Der wesentliche Qualitätsunterschied zwischen den Produzenten liegt in der Lagerqualität (vor allem im Bezug auf den Luftkontakt des Öls), der Anzahl der Olivensorten und derer Qualität (besonders wichtig für die Courage/Verschneidung) sowie der Lage der Olivenhaine (was ausschlaggebend für mehr oder weniger Sonne und Regen ist).

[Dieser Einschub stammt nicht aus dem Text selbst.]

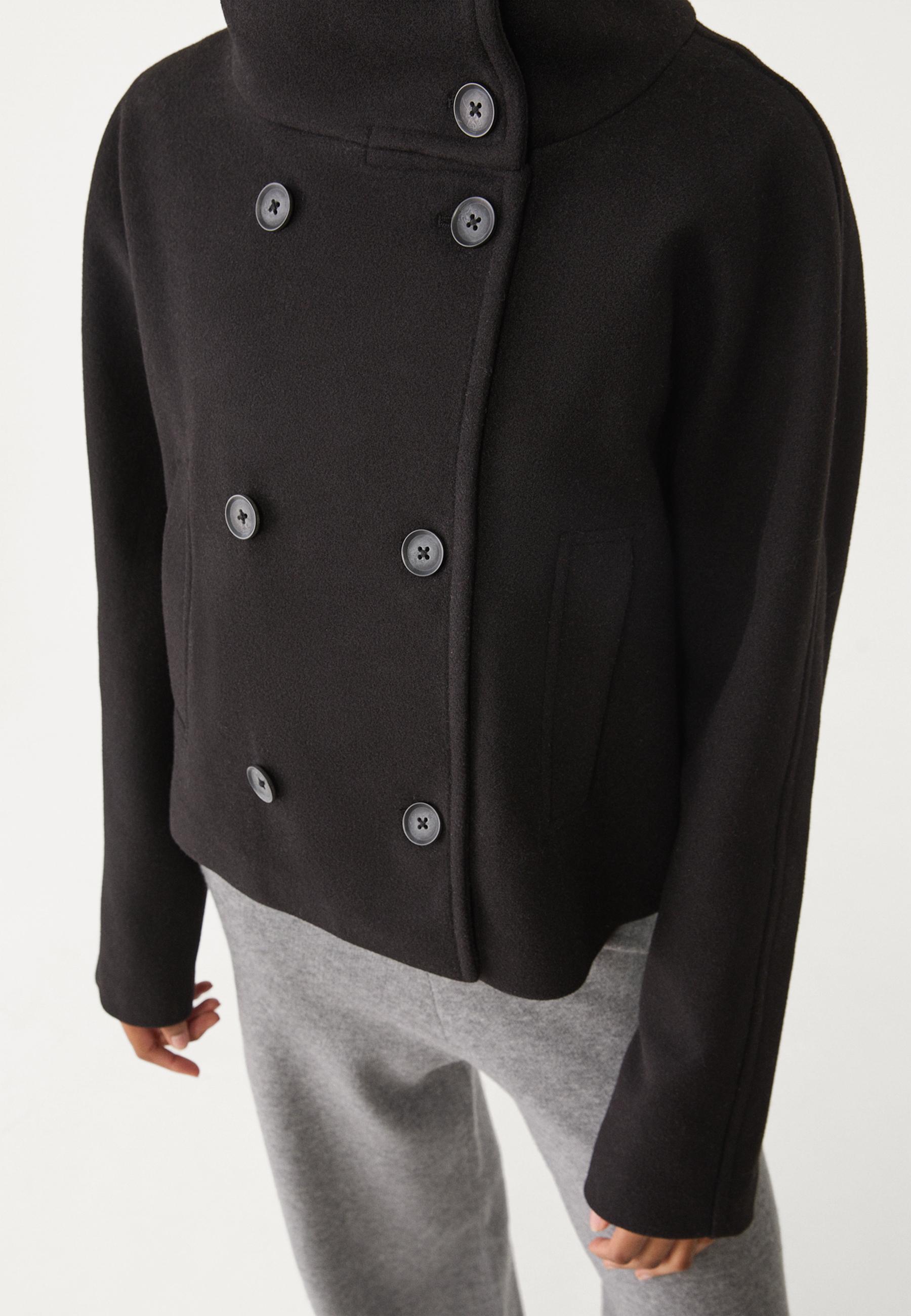 NEEKA DOUBLE-BREASTED COAT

Bekämpfung der Schädlinge ist ein großes Thema und wird aus der Sicht der Konsumenten meist zugunsten der kleineren Produzenten entschieden, weil ihnen einfach die Mittel für eine extensivere Schädlingsbekämpfung fehlt. Sie reduzieren ihre Maßnahmen auf das Aufhängen von Insektenfallen auf die Äste der Bäume. Schädlinge reduzieren empfindlich die Ernte. In manchen Jahren können sie die Ernte von bestimmten Olivensorten vollständig ruinieren. Größere Produzenten bekämpfen Schädlinge ebenfalls mit Insektenfallen oder anderen Mitteln nach ökologischen Maßgaben, wenn Sie einen Öko-Siegel tragen. Aber auch andere Hersteller versuchen auf chemische Mittel soweit wie möglich zu verzichten. Sie halten sich an die Vorgaben des kroatischen Landwirtschaftsministeriums.

Olivenpresse Grubić

gustūs kooperiert aus den oben genannten Gründen entweder mit kleineren Produzenten oder mit Produzenten, die über einen Öko-Gütesiegel verfügen, bzw. diesen beantragt haben.